Let us prepare a dwelling place
This is the last in a series of meditations on three Advent collects. Here are the meditations on the collects for Advent I and Advent III. These meditations were given as part of an Advent quiet day at St. Stephen’s, Providence, RI.
The Collect for the Fourth Sunday of Advent
We beseech thee, Almighty God, to purify our consciences by thy daily visitation, that when thy Son our Lord cometh he may find in us a mansion prepared for himself; through the same Jesus Christ our Lord, who liveth and reigneth with thee, in the unity of the Holy Spirit, one God, now and for ever. Amen.
Perhaps it is because the Fourth Sunday of Advent is focused on St. Mary and the Annunciation, but the word “visitation” in this collect calls to my mind the joyful visitation of St. Mary to St. Elizabeth, when St. John the Baptist leaped for joy. Not all visitations are as joyful as that one, and perhaps there is not so much exuberance in the kind of visitation we are praying about here.
It is worth pondering how God might purify our consciences by daily visitation. Surely, God can come into our minds and form our consciences whenever God wishes to do this. I wonder though if something more earthy isn’t being spoken of here.
I find my conscience is often purified by visitation, and not just by God. If I see a friend or even a stranger whom I have wronged, their very presence calls to mind what I have done wrong, and it provokes in me a desire to make amends. Sometimes the push for purification is even more subtle.
For several years, Sherilyn (my spouse) and I lived in a delightful, very old house in Seekonk. We decided to replace a light fixture in our entrance hall, but in the midst of this work, we came upon some wiring problems. For most of the time we lived in the that house, instead of light in the hall, there was instead a hole in the ceiling with a nest of wires poking out. We got so used to it that we stopped seeing it. Not only did the wires poking through the hole not bother us, but we literally didn’t see them any more. Until.
Every time we were going to have guests over, as we were getting the house ready, I would look at the tangle of wires and think that I needed to do something, to fix that tangle of wires. Our guests might not have noticed, and if they did, no one ever said anything. My impetus for fixing the light fixture was not to escape the wrath of visitors, but rather rooted in my desire to be a good host.
While God’s judgement is far above my pay grade — though I am confident there’s a lot of mercy and probably some wrath now and again — I do think that one of the ways our consciences might be purified is our own desire to be right when we meet God.
And we do meet God.
Here at church, we meet God in Word and Sacrament. We see the Body of Christ in the gathered Church. These things might offer daily visitations for us.

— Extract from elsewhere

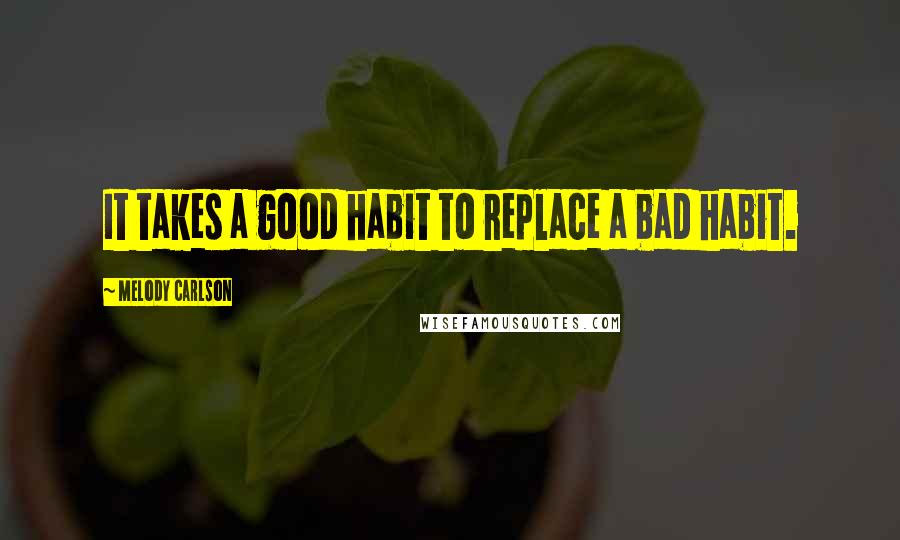 Melody Carlson Quotes: It takes a good habit to replace a bad habit.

But of course, it’s not only in church that we meet Jesus Christ. The 25th chapter of St. Matthew’s gospel tells us that whenever we meet the hungry or the thirsty or the stranger or the naked or the sick or the prisoner, we are meeting Jesus Christ. How we care for them is how we care for Jesus himself. In this city, we know this kind of daily visitation. Surely our consciences have been pricked, if not purified, by our daily encounters with Christ himself.
Visitation. Once, long ago in ancient Bethlehem, St. Mary and St. Joseph were visitors, looking for a place to rest. There was no room, no house, and most certainly no mansion. The language of the collect is poignant here. Talk about a purified conscience! We pray that when he “cometh he may find in us a mansion prepared for himself.”
What would it take for us to prepare our hearts, our lives, our very being — to prepare a mansion for our Savior? What would it take for us to have a mansion that is really ready, without thick clumps of wire poking out from holes in the ceiling — broken things in our lives that we may not see any more? Surely, we need quite a few days’ worth of daily visitations to purify of conscience. But wait! Though I believe the collect intends us to think primarily of the Second Coming, we simply pray to be ready for Our Lord when he cometh. And maybe that is our guide.
Perhaps in preparing ourselves to receive the Sacrament, to hear the Word, to welcome the stranger, to visit to the prisoner — perhaps in doing all these things, we are making ready to greet Jesus not only when he is manifest in our earthly pilgrimage, but when he comes in glory.
If our hearts are full of anger, full of fear, full of greed, full of hardness, we will find it difficult to prepare our mansion. This Advent season, we might try to make mansions in our hearts by opening them up with love, with hope, with gratitude, with grace. Let us pray fervently for grace to prepare a dwelling place in which we may welcome Christ.